* PROVIDED DATA:
---
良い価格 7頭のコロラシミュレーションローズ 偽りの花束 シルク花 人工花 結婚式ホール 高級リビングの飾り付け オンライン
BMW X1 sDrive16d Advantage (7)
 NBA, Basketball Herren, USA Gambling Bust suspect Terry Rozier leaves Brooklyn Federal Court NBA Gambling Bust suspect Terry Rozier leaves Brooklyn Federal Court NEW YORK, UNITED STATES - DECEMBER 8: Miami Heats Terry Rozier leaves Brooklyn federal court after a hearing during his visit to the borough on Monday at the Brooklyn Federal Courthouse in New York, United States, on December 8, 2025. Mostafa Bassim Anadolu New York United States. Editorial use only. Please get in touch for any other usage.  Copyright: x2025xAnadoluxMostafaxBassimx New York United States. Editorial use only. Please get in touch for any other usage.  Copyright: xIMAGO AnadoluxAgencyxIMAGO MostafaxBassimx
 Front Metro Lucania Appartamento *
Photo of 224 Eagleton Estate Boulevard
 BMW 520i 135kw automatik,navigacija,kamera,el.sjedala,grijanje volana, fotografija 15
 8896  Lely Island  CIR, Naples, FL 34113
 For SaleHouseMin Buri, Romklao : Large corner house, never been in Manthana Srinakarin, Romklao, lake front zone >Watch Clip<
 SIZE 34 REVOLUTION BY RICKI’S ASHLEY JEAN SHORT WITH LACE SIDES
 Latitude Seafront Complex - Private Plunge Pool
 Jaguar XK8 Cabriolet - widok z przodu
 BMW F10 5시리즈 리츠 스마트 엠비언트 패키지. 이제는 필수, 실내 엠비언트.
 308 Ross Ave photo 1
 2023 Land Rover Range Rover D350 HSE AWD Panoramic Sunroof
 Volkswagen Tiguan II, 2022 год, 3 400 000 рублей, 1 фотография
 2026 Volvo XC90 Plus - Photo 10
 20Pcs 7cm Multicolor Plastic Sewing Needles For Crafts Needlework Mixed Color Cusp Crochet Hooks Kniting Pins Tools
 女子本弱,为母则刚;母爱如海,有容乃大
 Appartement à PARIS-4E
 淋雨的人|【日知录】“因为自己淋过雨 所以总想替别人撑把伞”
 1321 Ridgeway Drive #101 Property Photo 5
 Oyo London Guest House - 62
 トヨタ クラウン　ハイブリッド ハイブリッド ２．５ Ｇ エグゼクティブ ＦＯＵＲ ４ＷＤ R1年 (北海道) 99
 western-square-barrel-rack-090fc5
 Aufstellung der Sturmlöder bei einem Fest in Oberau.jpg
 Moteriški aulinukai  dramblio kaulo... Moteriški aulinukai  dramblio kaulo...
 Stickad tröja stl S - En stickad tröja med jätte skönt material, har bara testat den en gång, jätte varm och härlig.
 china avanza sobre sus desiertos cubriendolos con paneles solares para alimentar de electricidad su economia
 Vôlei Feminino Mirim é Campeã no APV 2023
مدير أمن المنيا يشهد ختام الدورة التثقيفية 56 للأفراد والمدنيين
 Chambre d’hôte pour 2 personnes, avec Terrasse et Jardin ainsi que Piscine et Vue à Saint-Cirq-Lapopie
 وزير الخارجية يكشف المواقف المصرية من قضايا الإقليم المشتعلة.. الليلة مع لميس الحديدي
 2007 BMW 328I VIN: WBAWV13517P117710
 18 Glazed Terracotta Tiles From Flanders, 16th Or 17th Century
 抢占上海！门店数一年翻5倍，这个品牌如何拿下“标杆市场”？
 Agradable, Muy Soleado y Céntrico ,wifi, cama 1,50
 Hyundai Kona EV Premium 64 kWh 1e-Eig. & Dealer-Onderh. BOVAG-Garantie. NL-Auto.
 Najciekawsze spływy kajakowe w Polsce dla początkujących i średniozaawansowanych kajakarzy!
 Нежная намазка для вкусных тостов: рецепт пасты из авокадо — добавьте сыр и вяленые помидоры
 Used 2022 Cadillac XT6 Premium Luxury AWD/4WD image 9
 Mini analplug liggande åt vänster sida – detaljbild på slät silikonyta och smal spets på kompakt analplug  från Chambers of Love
---
* PROBLEM DESCRIPTION: Return every entry exactly as given.

* SOLVED EXERCISE:
良い価格 7頭のコロラシミュレーションローズ 偽りの花束 シルク花 人工花 結婚式ホール 高級リビングの飾り付け オンライン
BMW X1 sDrive16d Advantage (7)
 NBA, Basketball Herren, USA Gambling Bust suspect Terry Rozier leaves Brooklyn Federal Court NBA Gambling Bust suspect Terry Rozier leaves Brooklyn Federal Court NEW YORK, UNITED STATES - DECEMBER 8: Miami Heats Terry Rozier leaves Brooklyn federal court after a hearing during his visit to the borough on Monday at the Brooklyn Federal Courthouse in New York, United States, on December 8, 2025. Mostafa Bassim Anadolu New York United States. Editorial use only. Please get in touch for any other usage.  Copyright: x2025xAnadoluxMostafaxBassimx New York United States. Editorial use only. Please get in touch for any other usage.  Copyright: xIMAGO AnadoluxAgencyxIMAGO MostafaxBassimx
 Front Metro Lucania Appartamento *
Photo of 224 Eagleton Estate Boulevard
 BMW 520i 135kw automatik,navigacija,kamera,el.sjedala,grijanje volana, fotografija 15
 8896  Lely Island  CIR, Naples, FL 34113
 For SaleHouseMin Buri, Romklao : Large corner house, never been in Manthana Srinakarin, Romklao, lake front zone >Watch Clip<
 SIZE 34 REVOLUTION BY RICKI’S ASHLEY JEAN SHORT WITH LACE SIDES
 Latitude Seafront Complex - Private Plunge Pool
 Jaguar XK8 Cabriolet - widok z przodu
 BMW F10 5시리즈 리츠 스마트 엠비언트 패키지. 이제는 필수, 실내 엠비언트.
 308 Ross Ave photo 1
 2023 Land Rover Range Rover D350 HSE AWD Panoramic Sunroof
 Volkswagen Tiguan II, 2022 год, 3 400 000 рублей, 1 фотография
 2026 Volvo XC90 Plus - Photo 10
 20Pcs 7cm Multicolor Plastic Sewing Needles For Crafts Needlework Mixed Color Cusp Crochet Hooks Kniting Pins Tools
 女子本弱,为母则刚;母爱如海,有容乃大
 Appartement à PARIS-4E
 淋雨的人|【日知录】“因为自己淋过雨 所以总想替别人撑把伞”
 1321 Ridgeway Drive #101 Property Photo 5
 Oyo London Guest House - 62
 トヨタ クラウン　ハイブリッド ハイブリッド ２．５ Ｇ エグゼクティブ ＦＯＵＲ ４ＷＤ R1年 (北海道) 99
 western-square-barrel-rack-090fc5
 Aufstellung der Sturmlöder bei einem Fest in Oberau.jpg
 Moteriški aulinukai  dramblio kaulo... Moteriški aulinukai  dramblio kaulo...
 Stickad tröja stl S - En stickad tröja med jätte skönt material, har bara testat den en gång, jätte varm och härlig.
 china avanza sobre sus desiertos cubriendolos con paneles solares para alimentar de electricidad su economia
 Vôlei Feminino Mirim é Campeã no APV 2023
مدير أمن المنيا يشهد ختام الدورة التثقيفية 56 للأفراد والمدنيين
 Chambre d’hôte pour 2 personnes, avec Terrasse et Jardin ainsi que Piscine et Vue à Saint-Cirq-Lapopie
 وزير الخارجية يكشف المواقف المصرية من قضايا الإقليم المشتعلة.. الليلة مع لميس الحديدي
 2007 BMW 328I VIN: WBAWV13517P117710
 18 Glazed Terracotta Tiles From Flanders, 16th Or 17th Century
 抢占上海！门店数一年翻5倍，这个品牌如何拿下“标杆市场”？
 Agradable, Muy Soleado y Céntrico ,wifi, cama 1,50
 Hyundai Kona EV Premium 64 kWh 1e-Eig. & Dealer-Onderh. BOVAG-Garantie. NL-Auto.
 Najciekawsze spływy kajakowe w Polsce dla początkujących i średniozaawansowanych kajakarzy!
 Нежная намазка для вкусных тостов: рецепт пасты из авокадо — добавьте сыр и вяленые помидоры
 Used 2022 Cadillac XT6 Premium Luxury AWD/4WD image 9
 Mini analplug liggande åt vänster sida – detaljbild på slät silikonyta och smal spets på kompakt analplug  från Chambers of Love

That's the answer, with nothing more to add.